The present book introduces and develops mathematical techniques for the treatment of nonlinear waves and singular perturbation methods at a level that is suitable for graduate students, researchers and faculty throughout the natural sciences and engineering. The practice of implementing these techniques and their value are largely realized by showing their application to problems of nonlinear wave phenomena in electronic transport in solid state materials, especially bulk semiconductors and semiconductor superlattices. The authors are recognized leaders in this field, with more than 30 combined years of contributions.
From the contents:
Dynamical Systems, Bifurcations, and the Chapman-Enskog Method
Excitable Media I: Continuum Systems
Excitable Media II: Discrete Systems
Electronic Transport in Condensed Matter: From Quantum Kinetics to Drift-diffusion Models
Electric Field Domains in Bulk Semiconductors I: the Gunn Effect
Electric Field Domains in Bulk Semiconductors II: Trap-mediated Instabilities
Nonlinear Dynamics in Semiconductor Superlattices
Nonlinear Wave Methods for Related Systems in the Physical World
About the Author
Luis L. Bonilla received his Ph.D. in physics from the Universidad Nacional de Educación a Distancia (UNED), Madrid, in 1981. After conducting postdoctoral research for three years at the Mathematics Department at Stanford University, he took positions as associate professor at the Universities of Sevilla and Barcelona, both Spain. In 1992, he accepted his current post of Professor of Applied Mathematics at the University Carlos III in Madrid. Professor Bonilla's research interests lie in the modeling and asymptotic analysis of nonlinear problems in condensed matter physics, including electronic and mechanical properties. He is the author and co-author of more than 180 research papers and book chapters.

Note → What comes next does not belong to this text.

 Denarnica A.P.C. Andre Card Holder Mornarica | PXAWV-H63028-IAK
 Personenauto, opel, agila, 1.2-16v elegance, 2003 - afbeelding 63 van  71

Stephen W. Teitsworth received his Ph.D. in Physics in 1986 from Harvard University, where he also carried out postdoctoral research. For the past several years, he has been a faculty member of the Physics department at Duke University. His current research interests center on experimental and theoretical studies of nonlinear electronic transport and optoelectronic properties of semiconductor-based materials, with a focus on spatially periodic systems such as superlattices.